OK, not your basic cupcake recipes. But wow!
This weekend, we had a party attended by about 40 of our closest friends and neighbors. Rather than stick with the typical sugar cookies or pumpkin pie (which is kind of a hassle for everybody to eat easily) I thought I’d try out a new cupcake cookbook that I recently purchased.
As a fair warning, I consider myself to be a member of the cupcake baking club that is more interested in the flavor or the cupcakes than in the decorating. So when you see my photos below, you’ll understand that I’m all about food that tastes good, not about food that necessarily hits the design highs. I just don’t have time for that. In fact, just so you get an idea of what I cooked and baked between the time I got home from work on Friday night and the party, which started at 4:00 p.m. on Saturday, here’s a list:
- Cocktail Meatballs (Emiril Lagasse recipe on the Food Network site, to die for.)
- Bacon BonBons (A pain to make, but unbelievably delicious-props to Gitane Restaurant in San Francisco and the 7×7 site.)
- Sourdough batards with olives and Asiago (4 loaves)
- Plain chocolate cupcakes (1 dozen)
- Old Fashioned Cupcakes (1 dozen, from the Butch Bakery Cookbook)
- Sweet Mama Cupcakes (1 dozen, from the Butch Bakery Cookbook)
So, as you can tell, I was busy. But that’s how it is when you’re trying to create a great party, and especially when you’re trying out new cupcake ideas!
I’m not going to include the recipes here, because if you bake cupcakes, this is one book you should add to your bookshelf. The Butch Bakery Cookbook by David Arrick with Janice Kollar, and photography by Jason Wyche, is one of those wonderfully bound, solid cookbooks, written with a sense of humor and accurate directions. These cupcakes are amazing. Many of the cupcakes have some form of alcoholic beverage in them, but I did make a few without the alcohol and they were outstanding in flavor, moistness, and delectability!
The Old Fashioned cupcakes are not old fashioned in the normal sense of the word, but are modeled on the flavors of an Old Fashioned, a tangy and refreshing whiskey highball that was popular in the 50s and 60s, right up there with Manhattans and the old Tom Collins. I made the Old Fashioned cupcakes with orange juice, orange zest (which gave me a chance to try out my new microplane), and a bit of Jack Daniels. The wonderful thing about this recipe is that the frosting recipe (from which I omitted the alcohol and substituted a little heavy cream) was a big hit on plain chocolate cupcakes, as well.
The biggest hit was clearly the Sweet Mama, which was a memorable combination of a cinnamon-flavored cupcake, with a dollop of a maple-syrup and apple compote, covered by a rich buttercream frosting. Both the compote and the frosting featured a bit of Laird’s Applejack Brandy, which I found at a well-stocked liquor store on my way home from work on Friday night. The apple compote lent the cupcakes a special note, turning them from a kid’s dessert into a layered, cobbler type of cake, with a distinct Autumnal flavor. At the end of the night, there were two of those left, but only because I had set them aside so my wife could have them.

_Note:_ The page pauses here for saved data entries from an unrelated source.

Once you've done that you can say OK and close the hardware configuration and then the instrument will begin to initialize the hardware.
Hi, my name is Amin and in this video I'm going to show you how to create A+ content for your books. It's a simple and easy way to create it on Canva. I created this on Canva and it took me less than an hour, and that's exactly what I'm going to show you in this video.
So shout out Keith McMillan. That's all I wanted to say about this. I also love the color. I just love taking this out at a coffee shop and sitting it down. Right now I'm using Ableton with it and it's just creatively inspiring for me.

The cupcakes in this cookbook require a little bit of study, but they are not difficult. There are several steps to most of them, however, so if you’re not committed to reading closely and following the steps, I suggest you try a more basic cupcake recipe. Fortunately, Mr. Arrick does a great job of breaking the big steps down for you. I started to get ahead of myself at first, but realized that jumping around the recipe was going to end in disaster, or at the very least, was going to cause me some level of confusion and frustration. So, I just backed up, took a deep breath and followed his directions to the T. You should too!

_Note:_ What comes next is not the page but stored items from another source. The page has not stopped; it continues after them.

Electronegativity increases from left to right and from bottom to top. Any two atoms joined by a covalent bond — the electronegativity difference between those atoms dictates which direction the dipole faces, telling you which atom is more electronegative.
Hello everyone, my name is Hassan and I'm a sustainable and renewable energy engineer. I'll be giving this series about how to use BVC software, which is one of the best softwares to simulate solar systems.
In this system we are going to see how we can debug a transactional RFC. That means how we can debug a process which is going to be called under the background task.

If you’re new to baking, you may not realize what a difference it makes to add ingredients in a particular order, or to sift the dry ingredients together first. I’ll admit, I was once one of those impatient bakers who just wanted to get the thing done. I’d throw all of the ingredients into a bowl together, sort of like how I did my laundry when I was in college (Whites? Colors? Uh, what’s the difference?). After a number of disastrous attempts at baking sweets, I learned to follow those instructions very closely. The result has been positive.

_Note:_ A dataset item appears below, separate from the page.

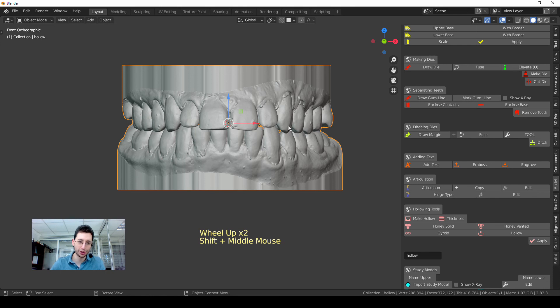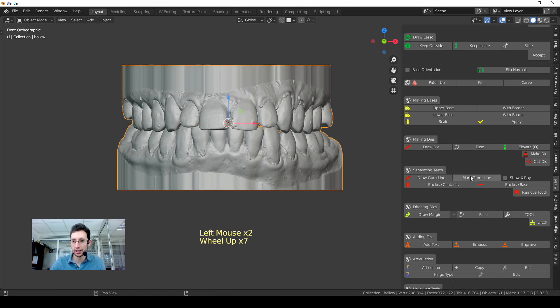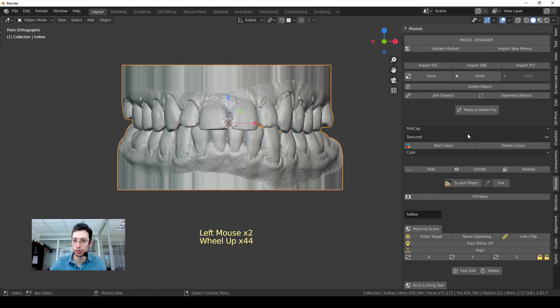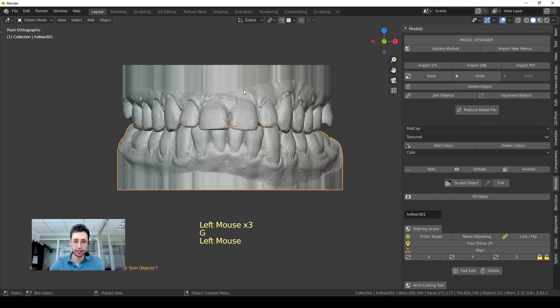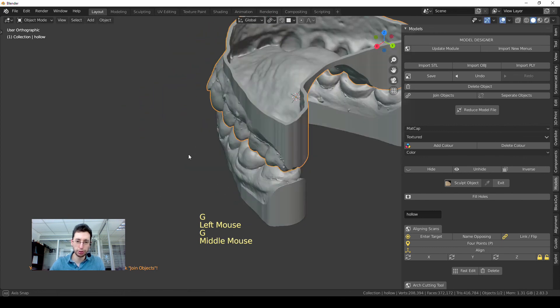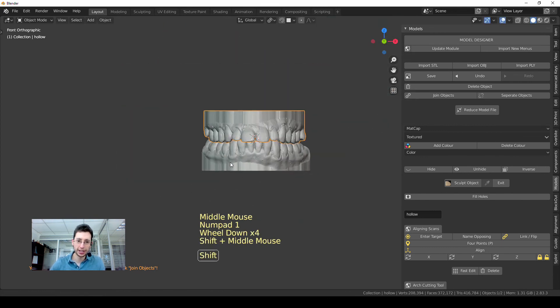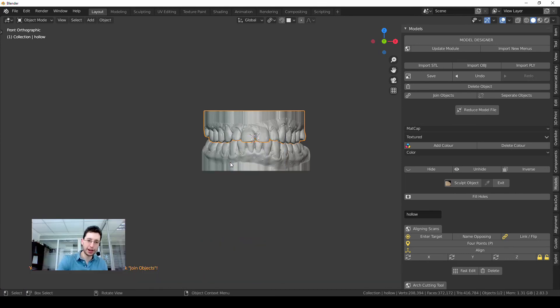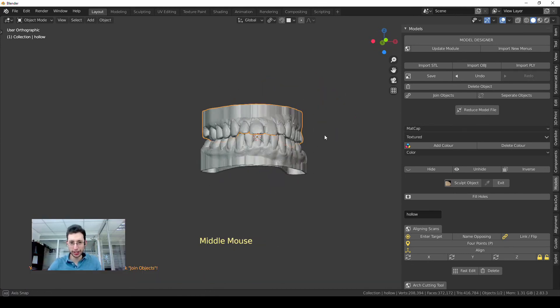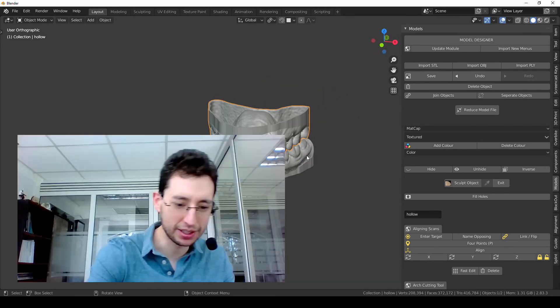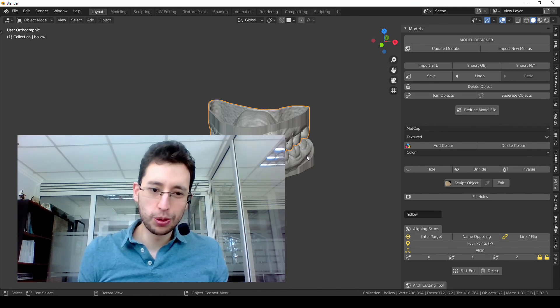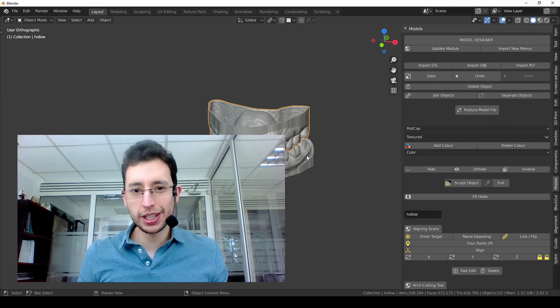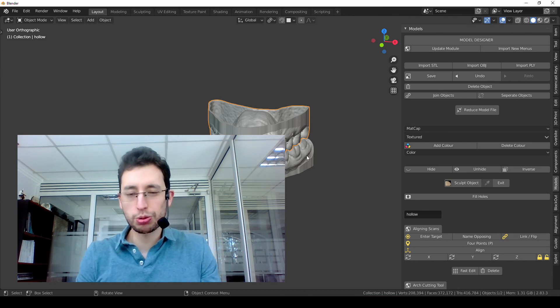However, if you print this, both models are going to be fused. So the last thing to do is to separate both models using this tool which says Separate Objects. And now I have again a lower and an upper model, and that's it. Very easy and we have a very clean model ready to be printed. Very easy. Okay, so I hope you enjoyed this video. It was very short but very useful.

The Butch Bakery Cookbook details over 30 amazing cupcake recipes. Like I mentioned earlier, the book is also a valuable repository of ideas for decoration, and for flavor mixing. The orange zest laced buttercream frosting for the Old Fashioned cupcake was a zingy addition to the plain chocolate cupcakes I made for those who preferred their chocolate vice to a liquor confection. Give it a try. You won’t be disappointed.